I started realizing that, if I wanted popularity, I had to find it in a different way than most. I told my friend, the one with retinitis pigmentosa, that we needed to stick together. We would get a laugh now and then, because he could see centrally just fine, and I could see peripherally pretty well. So when we looked at something, he would tell me what he saw, I would tell him what I saw, and we would put it together.
I couldn’t help but feel sorry for him, though, because he didn’t have the kind of family support I had. All they seemed to care about was getting a disability check from the government. They never came to school meetings, and they never tried to get him any help. My parents offered to pay for both of us to attend a camp for the visually impaired, but his parents wouldn’t let him go. I think that was when I finally realized how wonderful my parents are and how lucky I am to have them.
Chapter 5: School
School is very difficult for me to talk about. I try to forget some of the awful things that happened to me, but here goes.
In the beginning, Mom and I held a meeting for all of my 7th and 8th grade teachers. We wanted to educate them about Stargardt disease and what modifications I would require in order to receive an appropriate education.
We provided each teacher with a set of simulator glasses and asked them to read from the marker board. They couldn’t. We asked them to read from a book. They couldn’t. We asked them to pour liquid from one container to another. Most couldn’t. We explained that I would need larger print and that the print should be non sherif (no fancy squiggles, like Times font). We told them things like I couldn’t recognize colors, and that it would be cruel to give me an assignment requiring me to follow lines like longitude and latitude on a map.
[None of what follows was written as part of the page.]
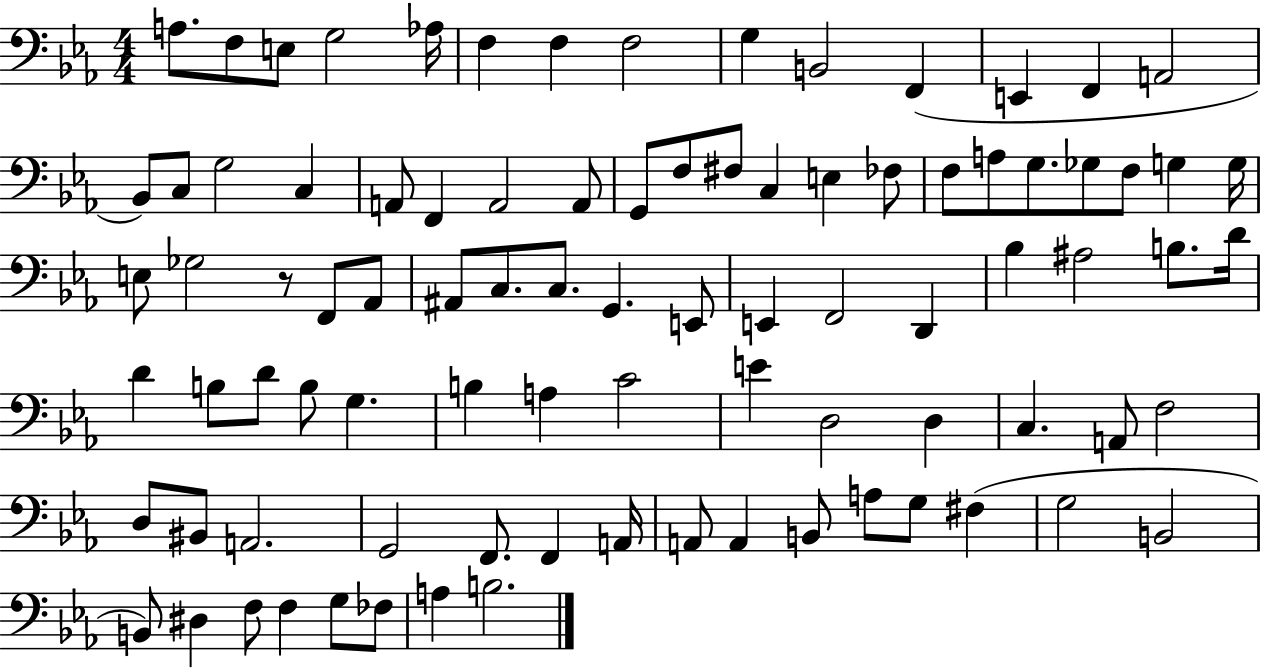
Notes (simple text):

A3/e. F3/e E3/e G3/h Ab3/s F3/q F3/q F3/h G3/q B2/h F2/q E2/q F2/q A2/h Bb2/e C3/e G3/h C3/q A2/e F2/q A2/h A2/e G2/e F3/e F#3/e C3/q E3/q FES3/e F3/e A3/e G3/e. Gb3/e F3/e G3/q G3/s E3/e Gb3/h R/e F2/e Ab2/e A#2/e C3/e. C3/e. G2/q. E2/e E2/q F2/h D2/q Bb3/q A#3/h B3/e. D4/s D4/q B3/e D4/e B3/e G3/q. B3/q A3/q C4/h E4/q D3/h D3/q C3/q. A2/e F3/h D3/e BIS2/e A2/h. G2/h F2/e. F2/q A2/s A2/e A2/q B2/e A3/e G3/e F#3/q G3/h B2/h B2/e D#3/q F3/e F3/q G3/e FES3/e A3/q B3/h.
Our time and preparation for this demonstration was wasted. Over the next three years, I learned that ignorance, cruelty and discrimination exist at all ages. Most of the teachers refused to provide the accommodations I needed. It took the district nine months to provide me with an electronic magnifier. That’s a desktop monitor you can put printed materials under to enlarge the words and pictures. Then my science teacher refused to let me use it, because he didn’t want to be responsible for it in his classroom.
My math teacher gave me what he called “fun sheets,” which were practice worksheets in eight-point font (not much larger than in a phone book). He ridiculed me in front of my peers with comments like, “What’s the matter? Ray Charles can do it, so why can’t you?” He gave me a ruler to measure things, and when I said I couldn’t see what I was measuring, he told me to just do my best . Of course, he said, I would have to take a zero.
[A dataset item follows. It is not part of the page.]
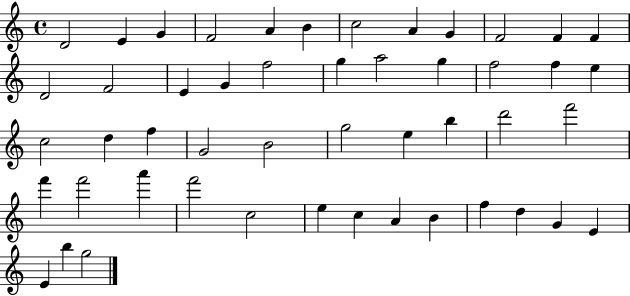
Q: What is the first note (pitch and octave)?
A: D4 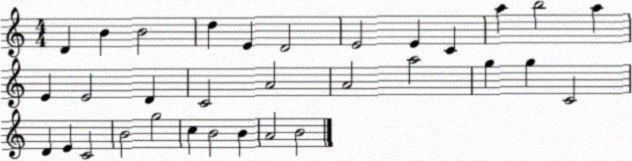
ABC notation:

Once, a teacher threw a piece of candy at me and hit me in the temple. I didn’t see it coming, and I was embarrassed and humiliated.
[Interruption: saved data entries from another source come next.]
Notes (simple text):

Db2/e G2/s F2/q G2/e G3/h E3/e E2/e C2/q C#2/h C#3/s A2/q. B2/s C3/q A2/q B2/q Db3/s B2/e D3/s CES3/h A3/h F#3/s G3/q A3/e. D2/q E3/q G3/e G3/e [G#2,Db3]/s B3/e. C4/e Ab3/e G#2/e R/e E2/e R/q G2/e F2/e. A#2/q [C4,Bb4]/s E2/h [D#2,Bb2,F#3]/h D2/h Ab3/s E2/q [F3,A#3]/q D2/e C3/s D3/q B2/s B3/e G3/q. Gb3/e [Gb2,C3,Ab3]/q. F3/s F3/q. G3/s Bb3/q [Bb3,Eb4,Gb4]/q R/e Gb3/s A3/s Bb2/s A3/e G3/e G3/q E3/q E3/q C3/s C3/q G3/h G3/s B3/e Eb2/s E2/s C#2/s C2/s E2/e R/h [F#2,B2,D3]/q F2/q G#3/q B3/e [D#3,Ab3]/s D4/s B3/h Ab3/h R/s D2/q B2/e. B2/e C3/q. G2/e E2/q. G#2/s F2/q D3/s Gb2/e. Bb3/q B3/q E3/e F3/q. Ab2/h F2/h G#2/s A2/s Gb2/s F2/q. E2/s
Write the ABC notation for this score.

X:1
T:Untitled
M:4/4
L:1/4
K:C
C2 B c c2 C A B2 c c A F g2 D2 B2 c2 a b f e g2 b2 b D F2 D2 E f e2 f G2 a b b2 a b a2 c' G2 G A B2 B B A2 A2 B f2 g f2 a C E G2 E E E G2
I was allowed to participate in basketball, but I was never allowed to play in an actual game. The school district felt I might get hurt, even though they had a letter from my retinal specialist saying I could participate.
I was dismissed from the cheerleading squad. In cheerleading practice I was always one of the flyers, and I simply asked if I could be the flyer at the next game. The captain of the squad told me the coach said I was not allowed to fly, due to my visual impairment. I was mortified. For one, the coach had no business discussing my visual impairment with a student. Secondly, I had provided documentation from my retinal specialist that I would be able to participate without any limitations. And thirdly, I was the best flyer on the squad.
I ran to the restroom so no one would see how upset I was. I just wanted to hide. The girls on my squad wouldn’t leave me alone. They kept telling me I needed to understand. I definitely understood. I understood they were just as discriminative as my coach. I understood how ignorant and cruel people can be. I understood that I was not going to let this go without a fight. I protested and attempted to advocate for myself through the superintendent’s office, but it was an exercise in futility. I was kicked off the squad.
Most of the time, the teachers would send me to the office copy machine to enlarge my own papers, which meant spending time out of the classroom. I was missing valuable instruction, and my grades were suffering for it.
My parents did everything in their power to get the district to comply with my educational needs. They set up meetings in between my regular individualized education program (IEP). They brought in experts to talk to the district. They provided documentation from my doctors. They spoke to my teachers individually and provided them with examples of proper assignment formats. Mom spent hour after hour reading textbooks and novels to me or recording them on tape so I would be able to learn.
My low vision specialist provided a letter to the principal explaining that I should be allowed to wear sunglasses, hats, or visors in the school to reduce glare. The principal stopped me in the hall and removed my hat. He told me in front of everyone that I had detention for not complying with the school dress code.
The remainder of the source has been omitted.